Roundtable #7: Spotify, Adobe and Linkedin on How AI Changes The Future of Product & Design | E1097
Harry Stebbings (host), Scott Belsky (guest), Tomer Cohen (guest), Gustav Söderström (guest), Guest (brief laughter only) (guest)
In this episode of The Twenty Minute VC, featuring Harry Stebbings and Scott Belsky, Roundtable #7: Spotify, Adobe and Linkedin on How AI Changes The Future of Product & Design | E1097 explores spotify, Adobe, LinkedIn Reveal How AI Redefines Product, Design, Strategy Product leaders from Adobe, Spotify, and LinkedIn discuss how AI is shifting product development from UI-centric to AI-centric, where AI becomes the product and UI becomes the signal-capturing interface around it.
Spotify, Adobe, LinkedIn Reveal How AI Redefines Product, Design, Strategy
Product leaders from Adobe, Spotify, and LinkedIn discuss how AI is shifting product development from UI-centric to AI-centric, where AI becomes the product and UI becomes the signal-capturing interface around it.
They argue that AI-first strategy must come from the CEO down, forcing teams to accept probabilistic, non-deterministic experiences, rethink design, and deeply understand models and data rather than delegating AI to a specialist team.
The conversation explores multi-model architectures, routing and cost optimization, proprietary vs. foundation models, and why owning high-quality, proprietary user data is a durable advantage.

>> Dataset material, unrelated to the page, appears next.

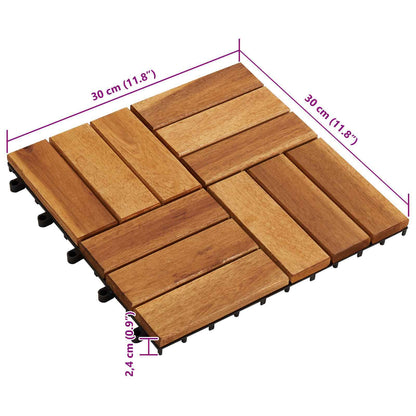 | Decking Tile | 10 pcs Brown 11.81 x 11.81 in Acacia Hardwood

They also examine how AI will disrupt business models (e.g., seat-based SaaS and hourly billing), what skills designers and product managers must build, and why incumbents may be unusually well-positioned in this particular platform shift.
Key Takeaways
Treat AI as the core product, not a feature you delegate.
The leaders argue that AI strategy must be driven from the top and embedded in every product decision; product teams can’t outsource AI thinking to a separate “AI team” if they want to remain relevant.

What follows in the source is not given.